EXERCISE DATA ::
==*==
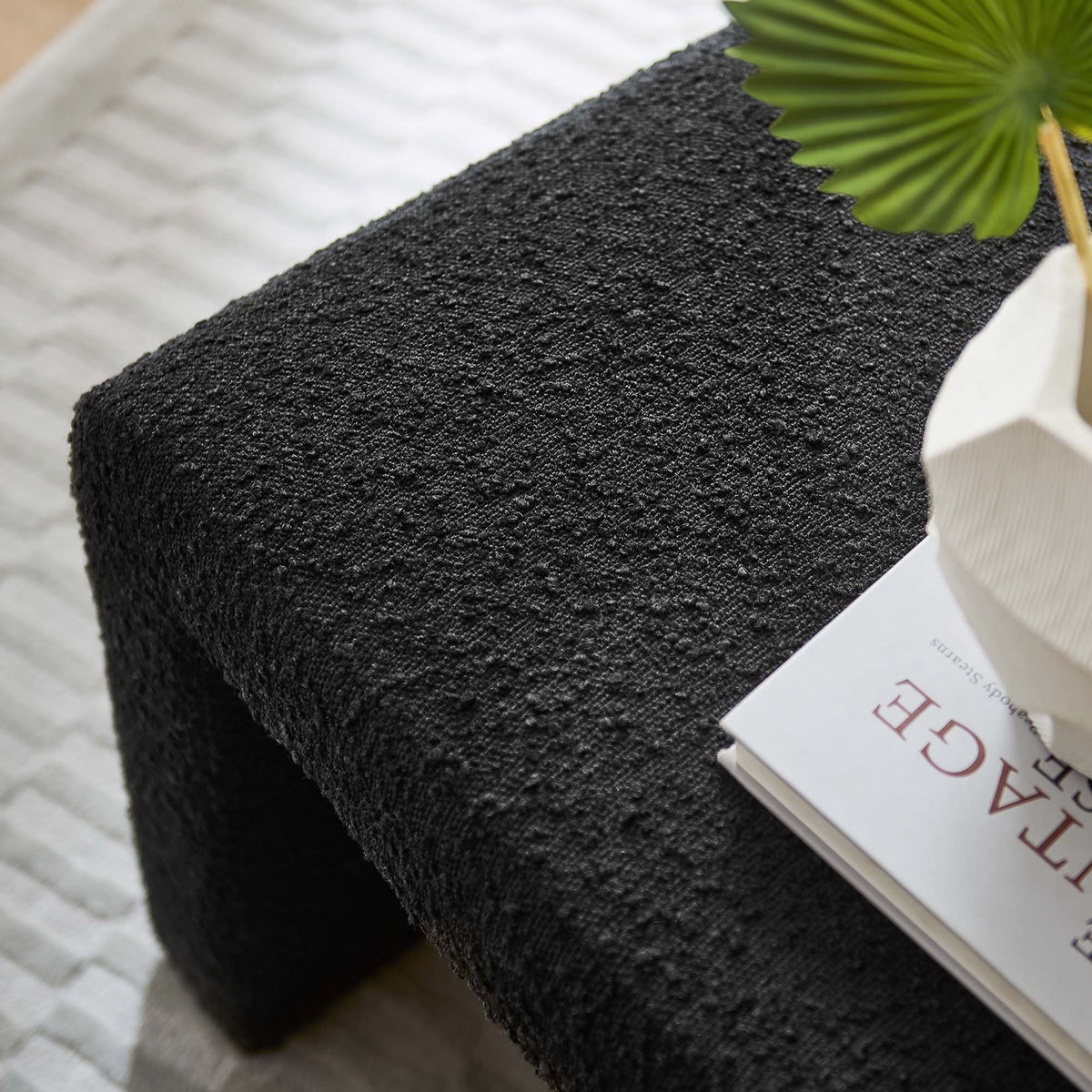 Simba Boucle Fabric Waterfall Stool - Black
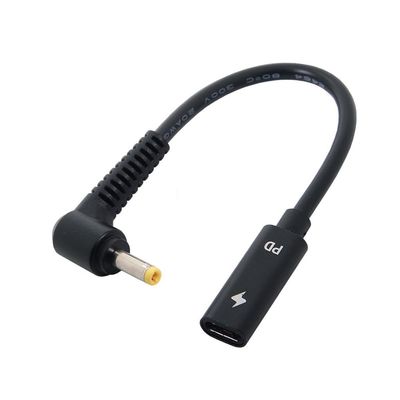 NFHK Type C USB-C Female Input to DC 4.0 * 1.7mm Power PD Charge Cable fit for Laptop 18-20V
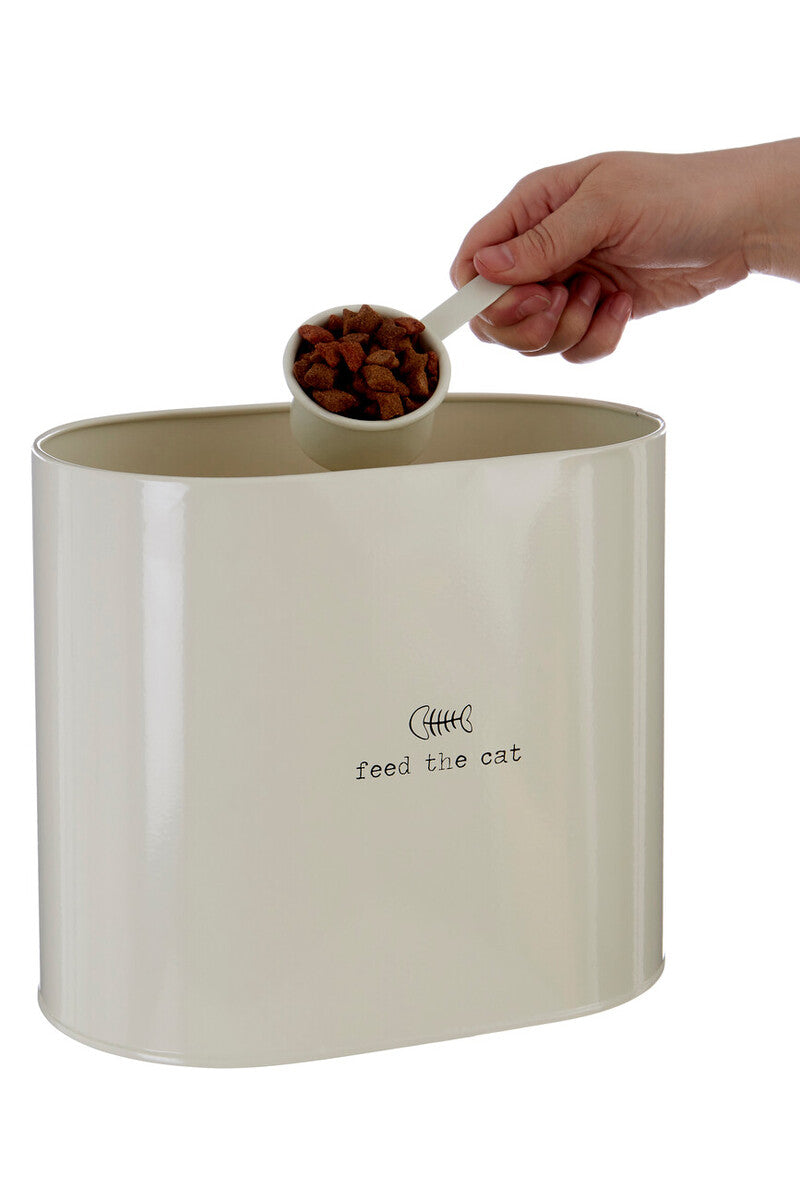 Cream Cat Food Storage Bin with Scoop 6.5 Litre | Adore Pets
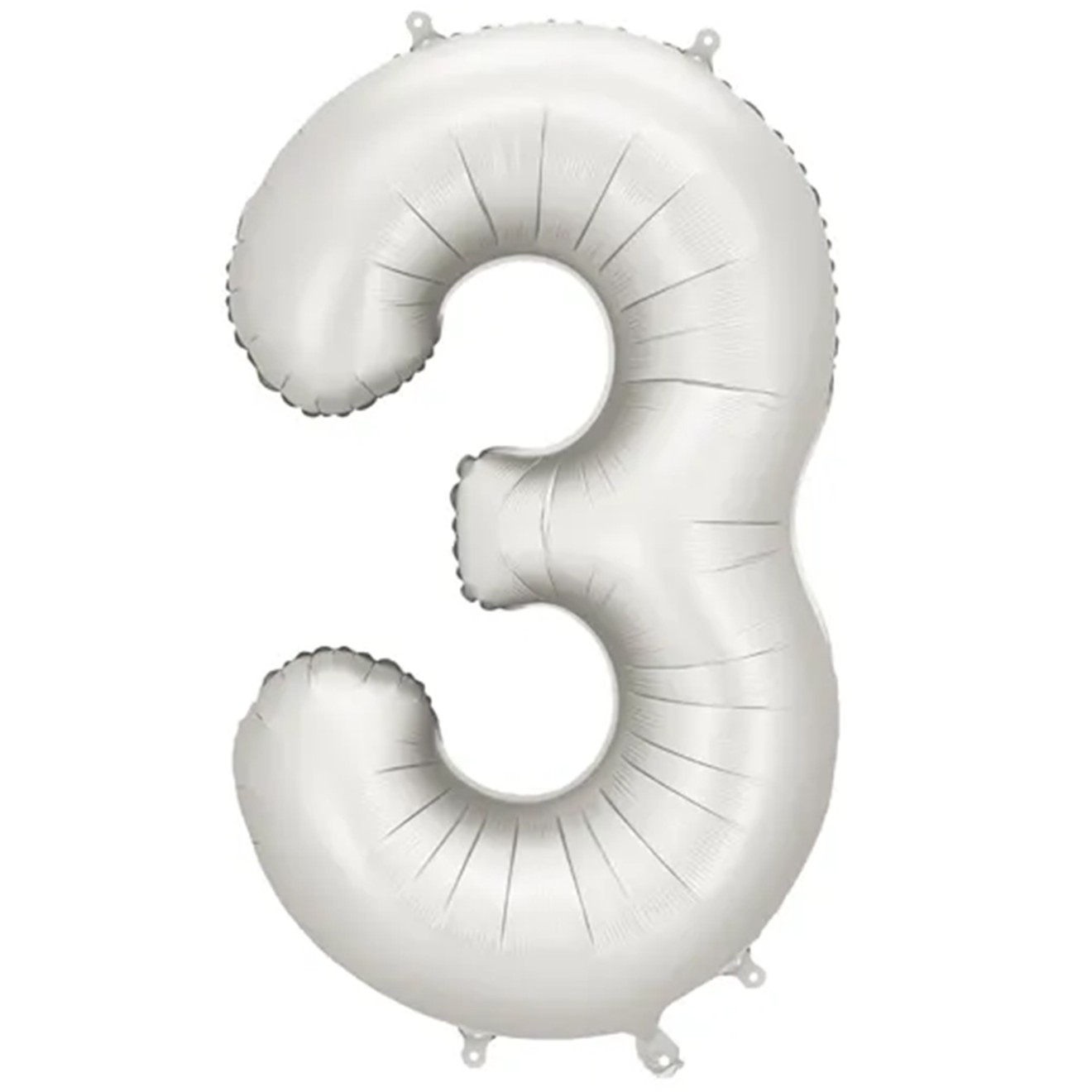 1 Ballon XXL - Zahl 3 - Silver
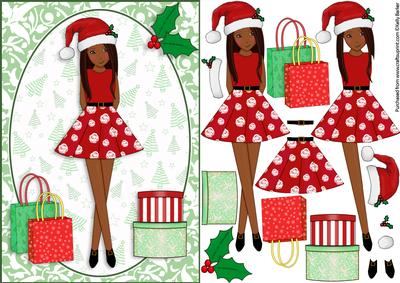 Christmas Shopping Boxes and Bags Brunette Ethnic Decoupage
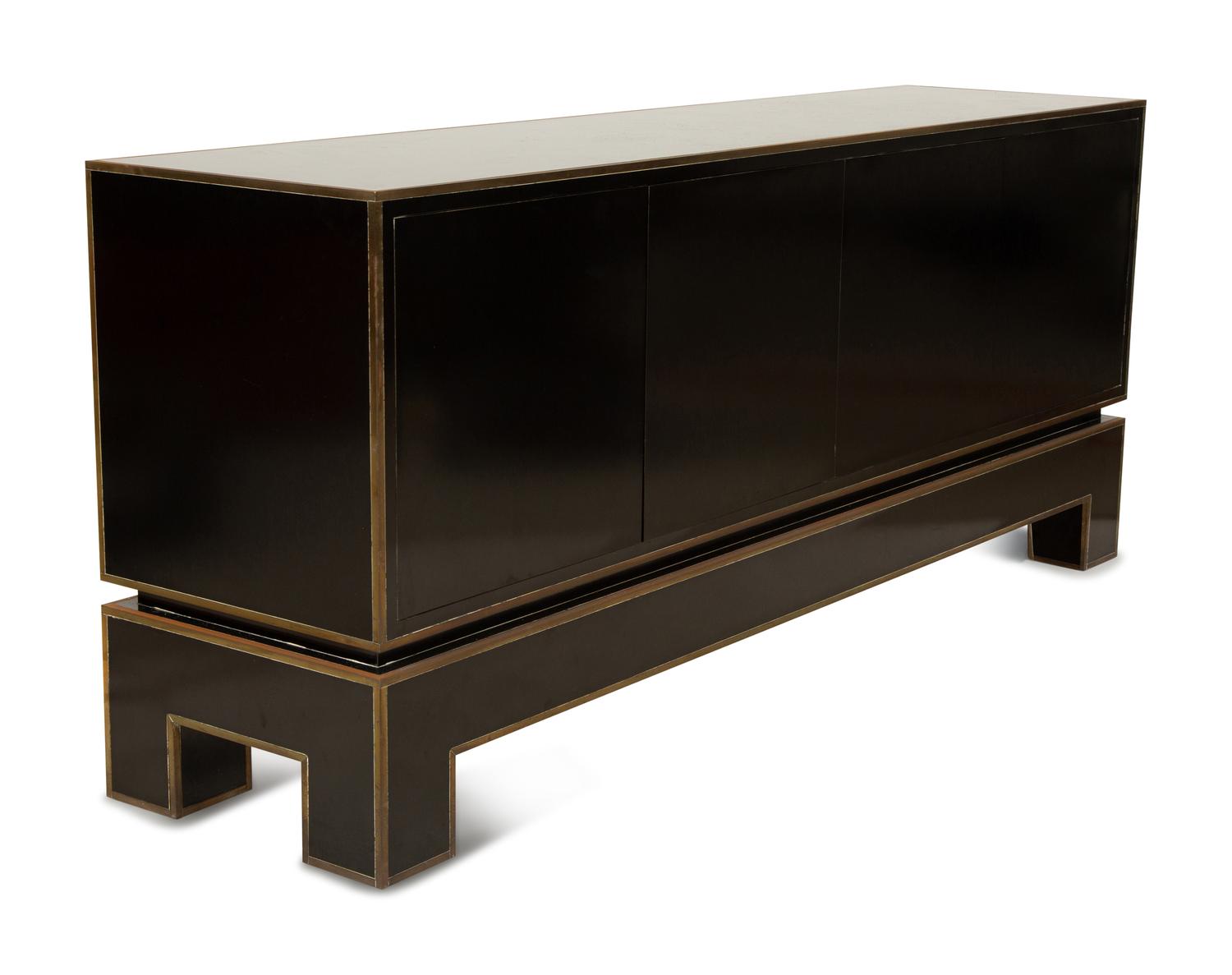A Black Formica and Brass Sideboard in the Manner of James Mont — Last-Quarter, 20th Century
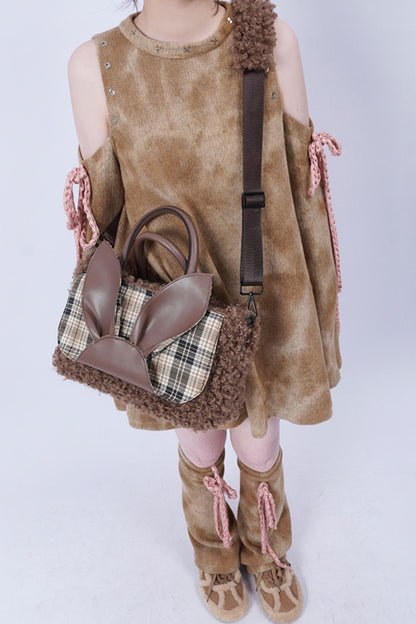 Plaid Rabbit Fur Tote Bag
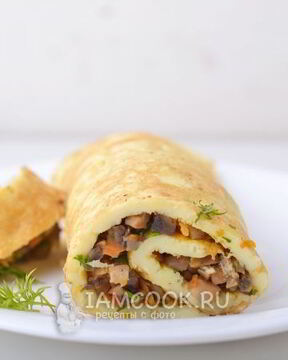 Яичный рулет с грибами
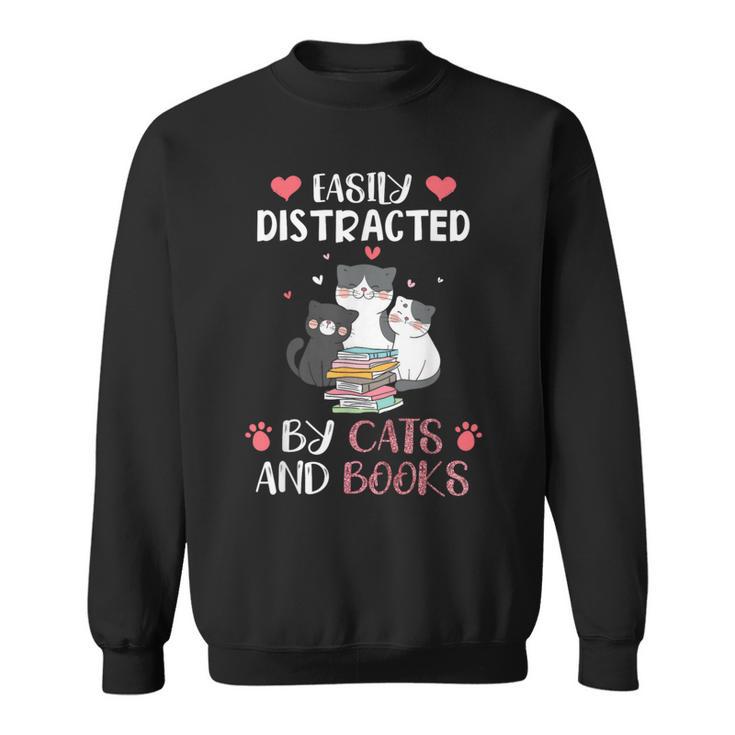 Cat Simply Distracted By Cats And Books Sweatshirt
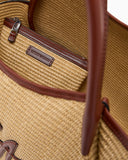 Woven straw medium shopper bag with EA logo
==*==
Restate the entries verbatim, without pictures.

ANSWER BOX ::
 Simba Boucle Fabric Waterfall Stool - Black
 NFHK Type C USB-C Female Input to DC 4.0 * 1.7mm Power PD Charge Cable fit for Laptop 18-20V
 Cream Cat Food Storage Bin with Scoop 6.5 Litre | Adore Pets
 1 Ballon XXL - Zahl 3 - Silver
 Christmas Shopping Boxes and Bags Brunette Ethnic Decoupage
A Black Formica and Brass Sideboard in the Manner of James Mont — Last-Quarter, 20th Century
 Plaid Rabbit Fur Tote Bag
 Яичный рулет с грибами
 Cat Simply Distracted By Cats And Books Sweatshirt
 Woven straw medium shopper bag with EA logo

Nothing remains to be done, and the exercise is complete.